Championing Social Justice, Locally & Globally

polish ghetto

LAS has exceptional expertise in studying the global urban issues of the 21st century.  Our researchers examine, interpret, and offer new pathways to solve the world’s and our city’s most pressing social, cultural, and political problems. They address the powerful and often hidden connections between social, environmental, political and cultural forces that define our lives both globally and locally: the environment, poverty, social justice, urban violence, social media, immigration, education, domestic abuse, criminal justice reform, housing, and the rise of populism are among our strongest areas of investigation and concern.
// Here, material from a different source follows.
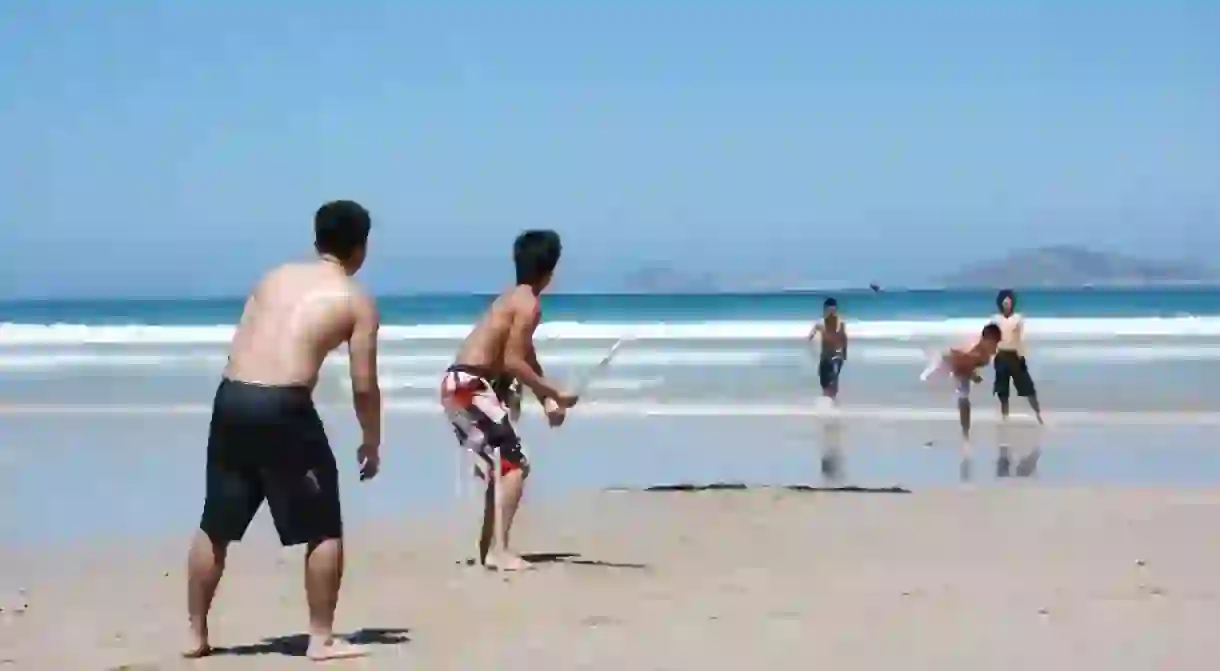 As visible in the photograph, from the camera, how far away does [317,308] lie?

We have award-winning faculty working on all forms of urban violence as well as understanding its causes and offering innovative solutions.  We are at the forefront of identifying and addressing environmental and ecological issues associated with urbanization and urban centers, exploring their historical, scientific, and sociological dimensions.  We are a leading center for research on issues of urban immigration, understanding this phenomenon and its implications from multiple perspectives; theoretical, ethical, political and practical. We have and will continue to move the needle on all issues within our community by connecting academic research with modern day lived experiences.

  • City Violence

    Violence, especially its causes, prevention, and treatments, is a critical problem in the Chicago microcosm that is likely to have parallels to other urban centers across the globe. Among the topics that directly address violence in the Chicago area, our researchers are actively studying long-term consequences of domestic abuse (Dr. Lisa Frohmann), prison policies (Dr. Beth Richie) and actions that feed the preschool-to-prison pipeline (Dr. Katherine Zinsser and Dr. Rachel Gordon), reform of criminal law and incarceration policies (Dr. Edna Erez), and gun safety (Dr. Alexandra Filindra).

  • Social & Mass Media

    Our Department of Communication specializes in social media policies and practices. Dr. Zizi Papacharissi and Dr. Sharon Meraz study the impact of social and mass media on particular political movements and outcomes. Dr. Papacharissi’s book, Affective Publics: Sentiment, Technology, and Politics (Oxford University Press), was the winner of the National Communication Association Human Communication and Technology Division Best Book Award.

  • Diversity Issues

    Barbara Ransby, LAS distinguished professor of black studies, gender and women’s studies, and history, has been named to the Freedom Scholars, a select group of progressive academics who are at the “forefront of movements for economic and social justice.”  Ransby and 11 other members of the inaugural scholarly cohort will each receive $250,000 over two years as part of a $3 million investment in social and economic justice scholarship by the Marguerite Casey Foundation and the Group Health Foundation.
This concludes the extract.